Reeling from a massive financial scandal, dairy giant Parmalat announced a lawsuit Friday seeking US$350 million from Swiss bank UBS -- the Italian conglomerate's second attempt in as many weeks to share the blame and the losses from its fraudulent near-collapse.
Last week, Parmalat filed a US$10 billion suit against Citigroup Inc in a New Jersey court, saying it sought "recovery from third parties believed to have played a role in Parmalat's collapse."
Also Friday, Dow Jones Newswires cited an unidentified source as saying Parmalat may sue a group of banks for an additional US$1.96 billion for losses incurred last year in the run up to Parmalat's spectacular crash. Parmalat's new management argues that investment banks helped disguise the conglomerate's true finances, Dow Jones said.
Parmalat said Friday that the claim against UBS, filed in a court in its hometown of Parma, was made in connection with a transaction made in July of last year. Parmalat paid UBS huge sums of money in a complicated deal that allowed the food company to borrow money from the bank at low rates it could not find on the open market, it said.
Parmalat, which is now being run by government-appointed turnaround expert Enrico Bondi, said it was also seeking interest on the sum.
UBS denied any culpability, saying Parmalat was at fault for having falsified its financial position at the time of the deal.

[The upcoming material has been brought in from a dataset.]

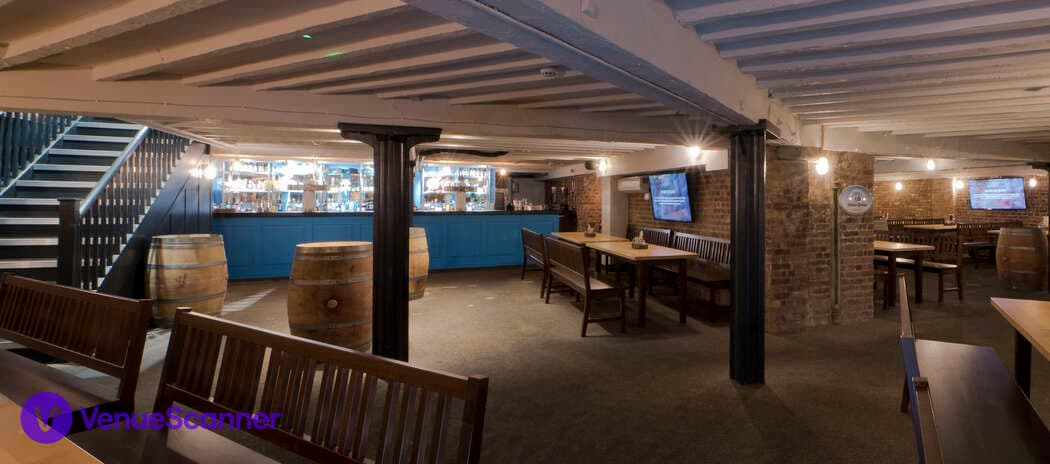 Bierkeller, Munich Cricket Club Tower Hill photo #2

The Parmalat scandal exploded in December when the conglomerate acknowledged it didn't have the US$5 billion it had claimed was in a Bank of America account.

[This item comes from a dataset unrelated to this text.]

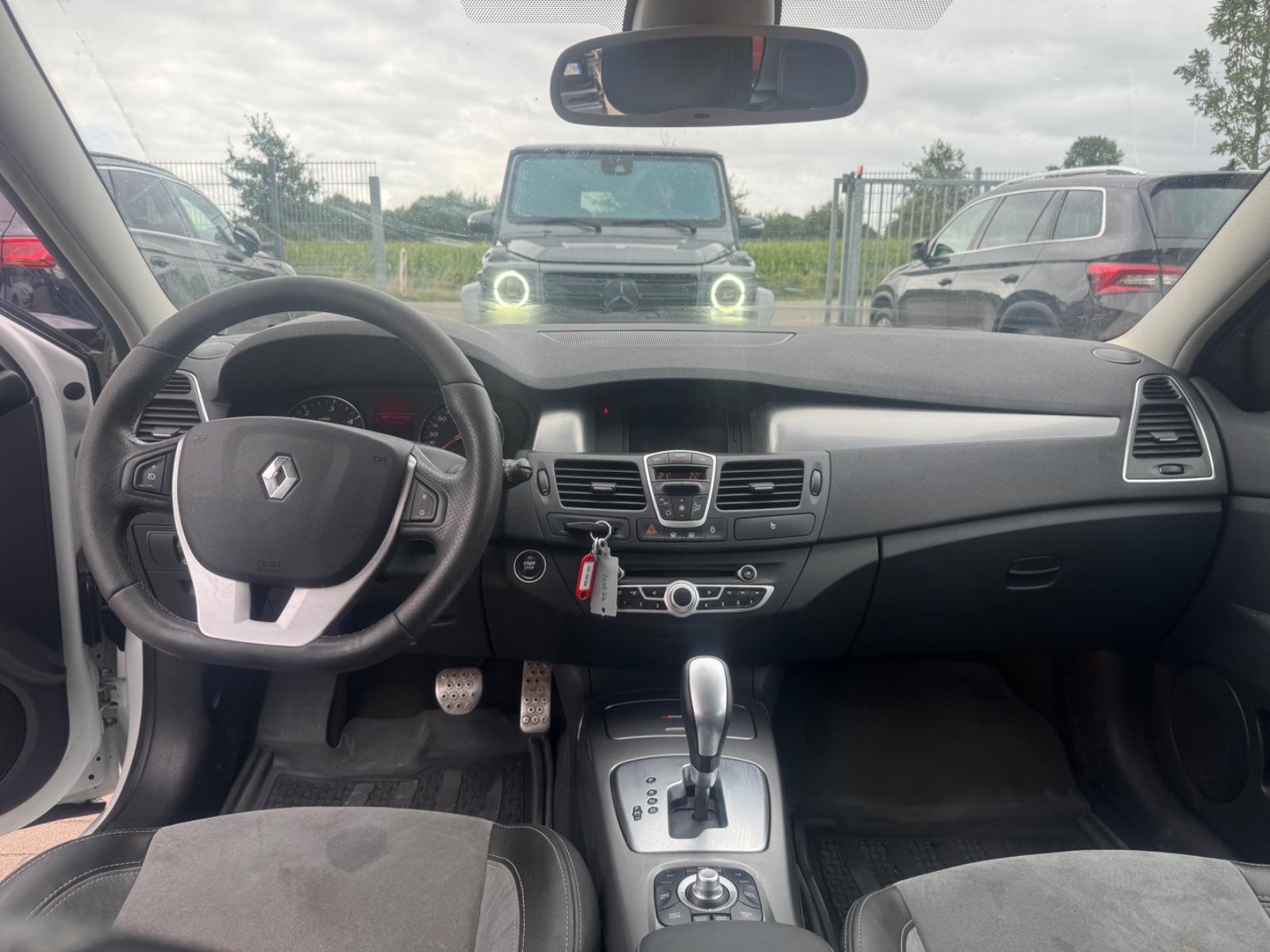 Renault Laguna 2011 — photo 10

Parmalat then went into bankruptcy protection, and prosecutors have been investigating alleged wrongdoing by numerous former members of the company's management.
UBS spokesman David Walker said Friday that the bank was reviewing the summons, but that the bank's recent history with Parmalat included only "one financing transaction."

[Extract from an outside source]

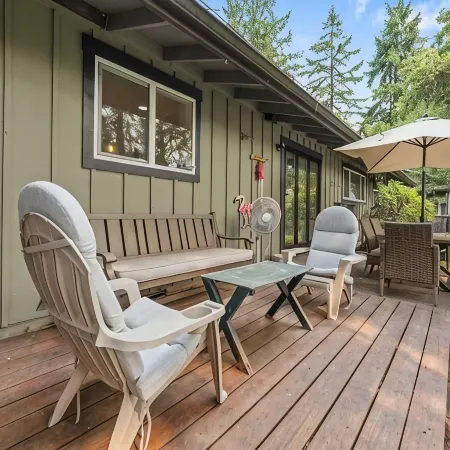 Beautifully remodeled, spacious 4-bedroom house in peaceful Eugene with WiFi, AC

"We believe that the transaction in question was entirely valid and therefore any effort to declare the transaction invalid will be met by a vigorous defense by UBS," Walker said.
He said Parmalat had represented itself "as a financially sound investment-grade company."
"We have absolutely no evidence that any UBS employees have done anything misleading, fraudulent or illegal in their dealings with Parmalat or were aware of the true state of Parmalat's finances," Walker said.
Investigators in Parma have focused on the company's founder and its top officials, while Milan prosecutors have been looking into the possible role of investment banks and other financial institutions, as well as accounting businesses.
Parmalat argues that its previous management wouldn't have been able to raise this money -- and thus defraud investors of more cash -- had banks such as UBS and others not structured deals that helped disguise the global dairy and food company's real financial position, Dow Jones said.